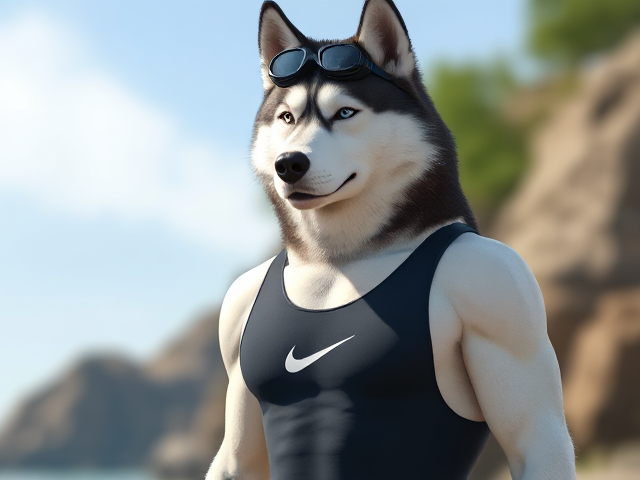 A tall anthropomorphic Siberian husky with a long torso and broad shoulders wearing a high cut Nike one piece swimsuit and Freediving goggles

^^^^

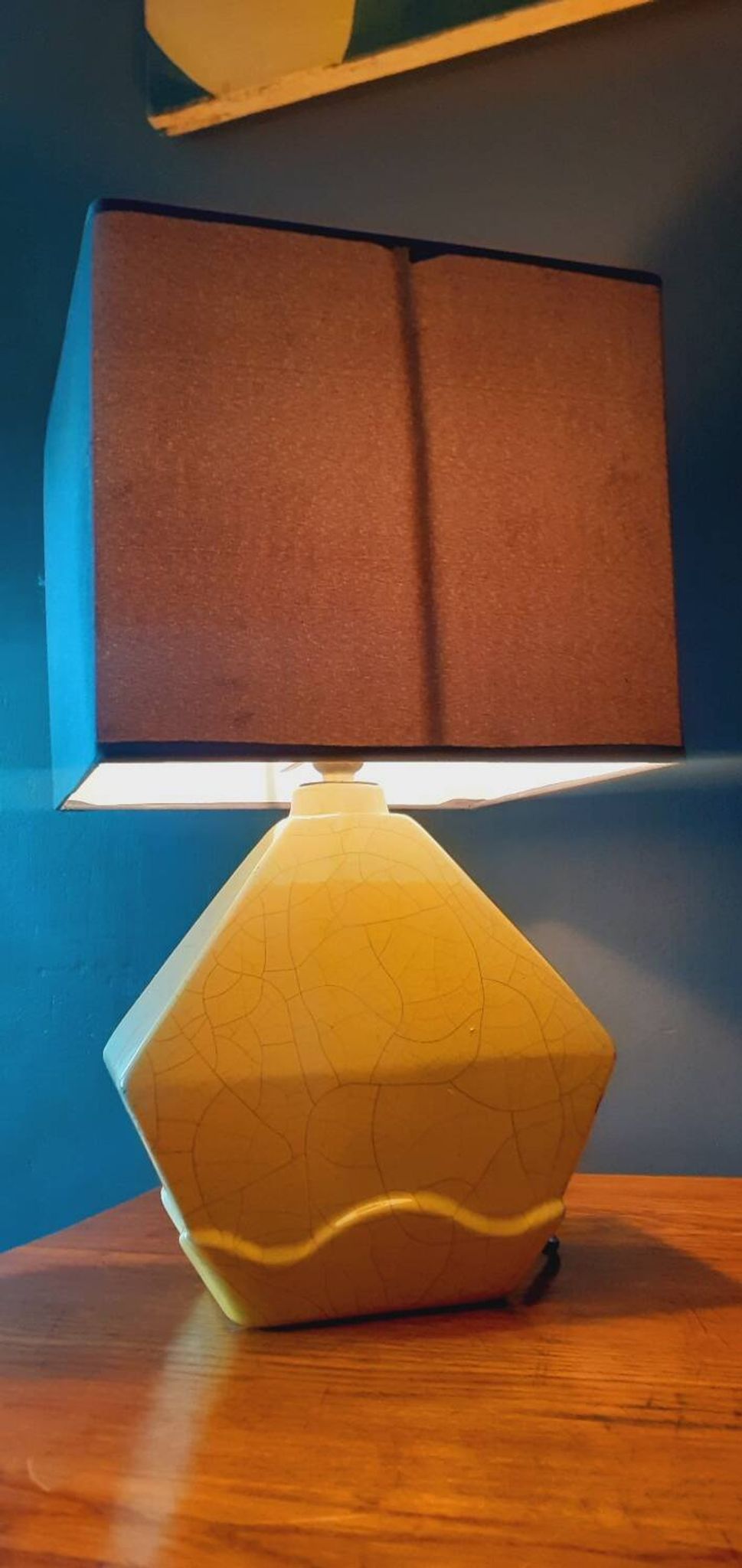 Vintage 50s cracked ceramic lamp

^^^^

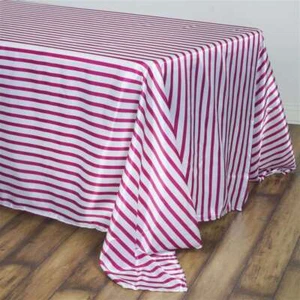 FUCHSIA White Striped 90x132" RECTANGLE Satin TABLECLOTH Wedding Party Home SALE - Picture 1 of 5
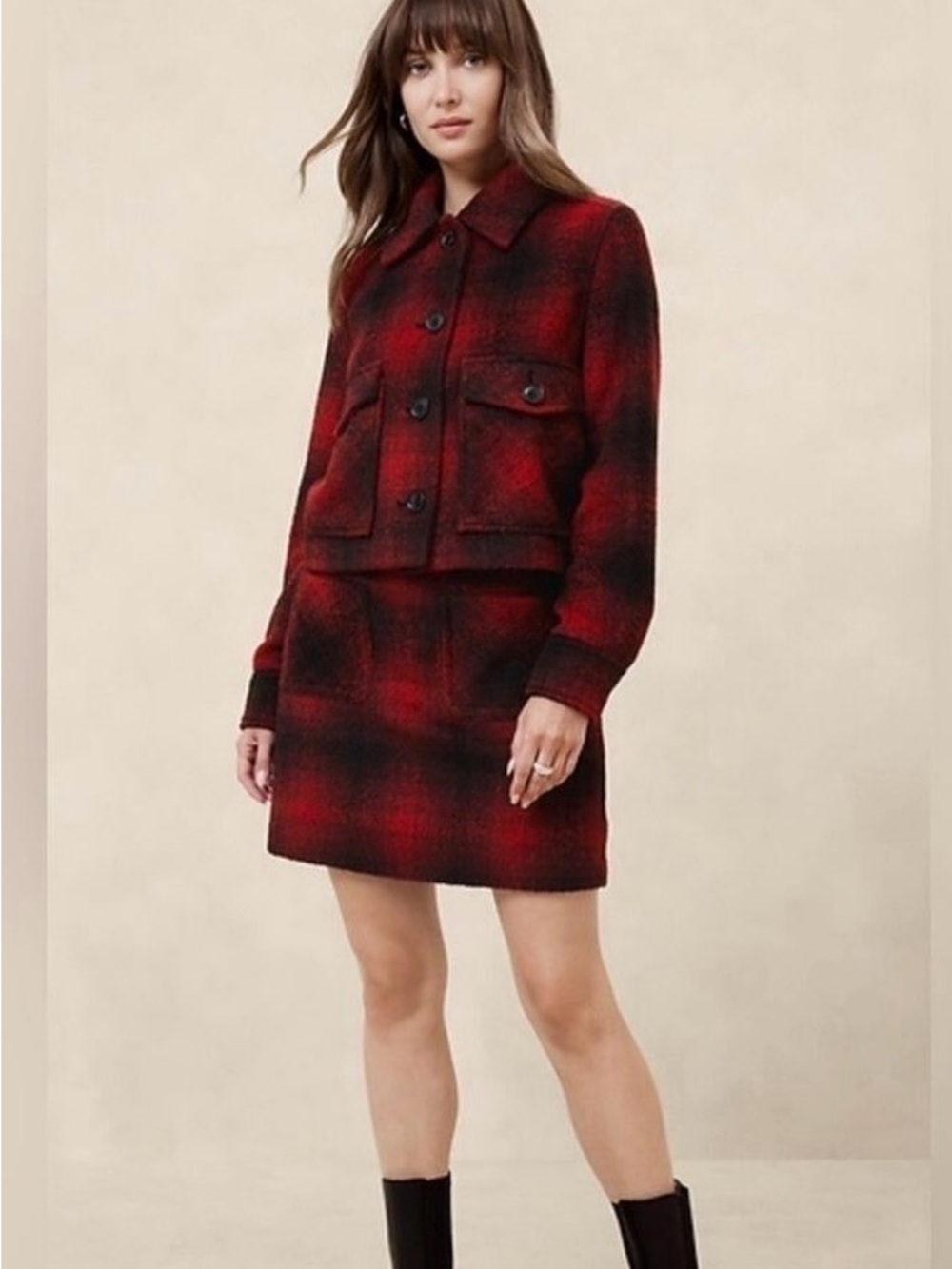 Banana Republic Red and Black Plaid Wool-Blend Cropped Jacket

^^^^

# BRIEF
Take only the lines above from the one that has "FUCHSIA White Striped" through the one that has "Banana Republic Red" and reproduce them exactly, omitting any pictures.

# WRITTEN SOLUTION
 FUCHSIA White Striped 90x132" RECTANGLE Satin TABLECLOTH Wedding Party Home SALE - Picture 1 of 5
 Banana Republic Red and Black Plaid Wool-Blend Cropped Jacket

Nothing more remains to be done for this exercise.